> WORK ITEM: Each entry below is to be given again word for word, with no pictures.

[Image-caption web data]
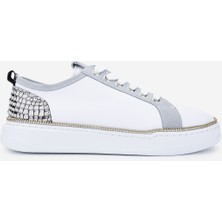 Valmenti Kadın  Deri Sneakers & Spor Ayakkabı 1115 1950 Bn Ayk Y25 Byz Fltr/tas Suet/grı Kroko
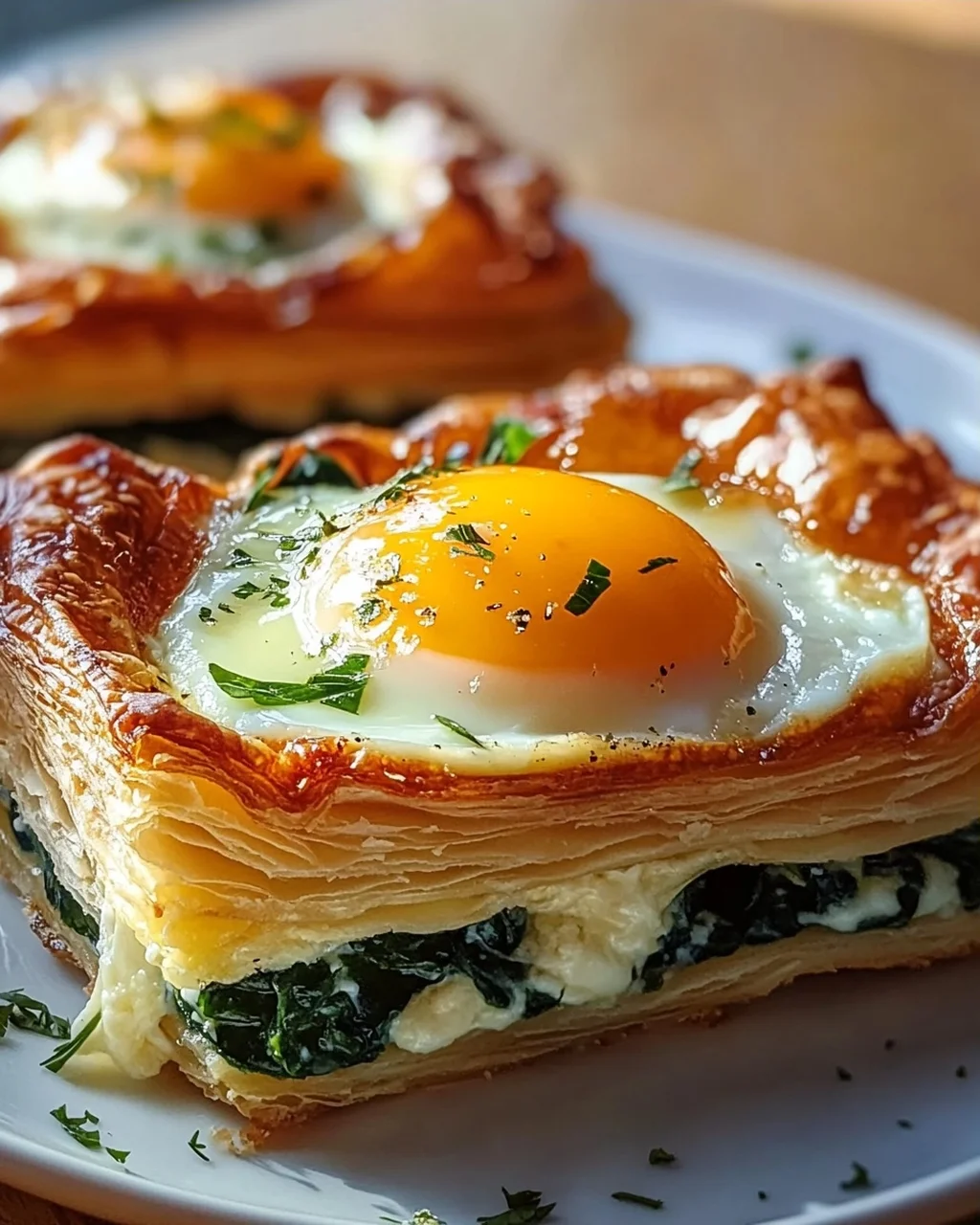 Gebackene Eier Napoleon: Köstliches einfaches Brunch Rezept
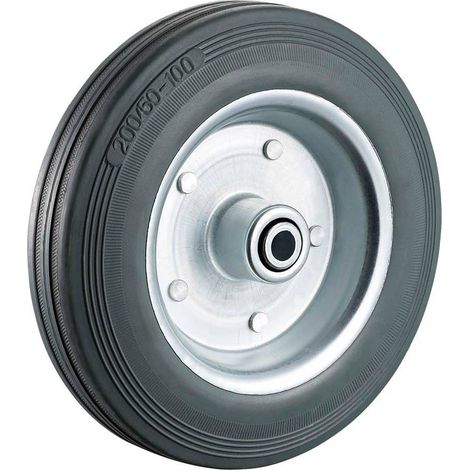RUOTA PER CARRELLI ø mm 100 - foro ø mm 8 - capacità kg 70
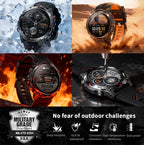 T-Rex 3 Pro Grado Militare AGPS Smart Watch 10ATM Impermeabile Dual-band GNSS Bussola Altimetro AMOLED Swim Sport Smart Watch da uomo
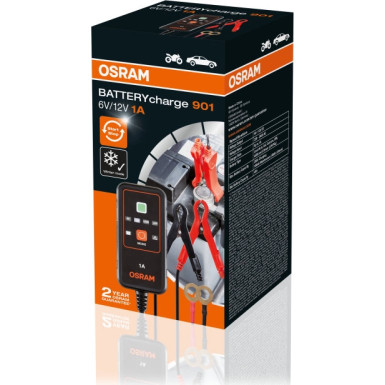 Osram | BATTERYcharge 901 Intelligentes Batterielade und Wartungsgerät 1St | OEBCS901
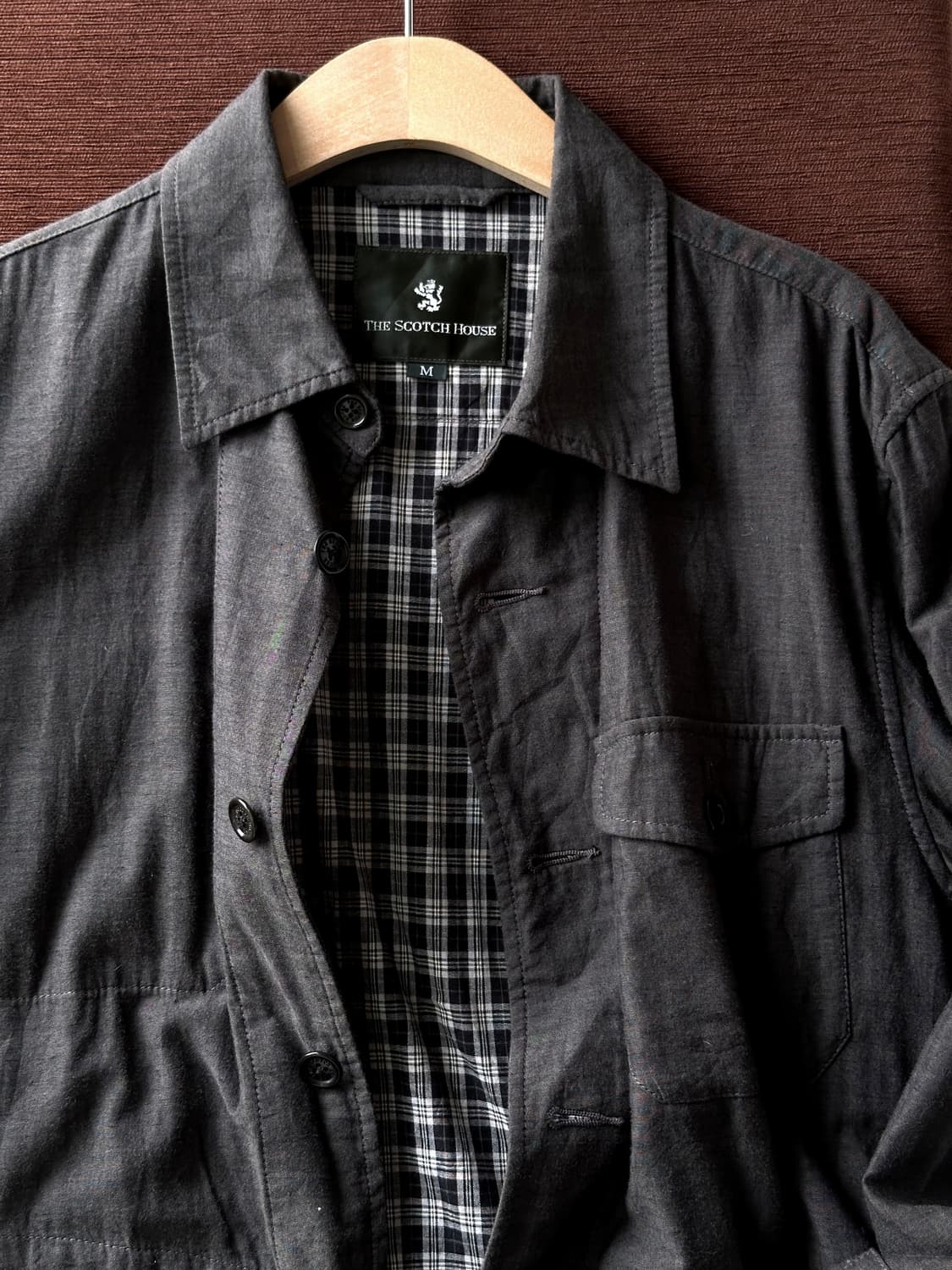 Washed cotton design work jacket 상품이미지2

> SOLUTION FOR THIS EXERCISE:
 Valmenti Kadın  Deri Sneakers & Spor Ayakkabı 1115 1950 Bn Ayk Y25 Byz Fltr/tas Suet/grı Kroko
 Gebackene Eier Napoleon: Köstliches einfaches Brunch Rezept
RUOTA PER CARRELLI ø mm 100 - foro ø mm 8 - capacità kg 70
 T-Rex 3 Pro Grado Militare AGPS Smart Watch 10ATM Impermeabile Dual-band GNSS Bussola Altimetro AMOLED Swim Sport Smart Watch da uomo
 Osram | BATTERYcharge 901 Intelligentes Batterielade und Wartungsgerät 1St | OEBCS901
 Washed cotton design work jacket 상품이미지2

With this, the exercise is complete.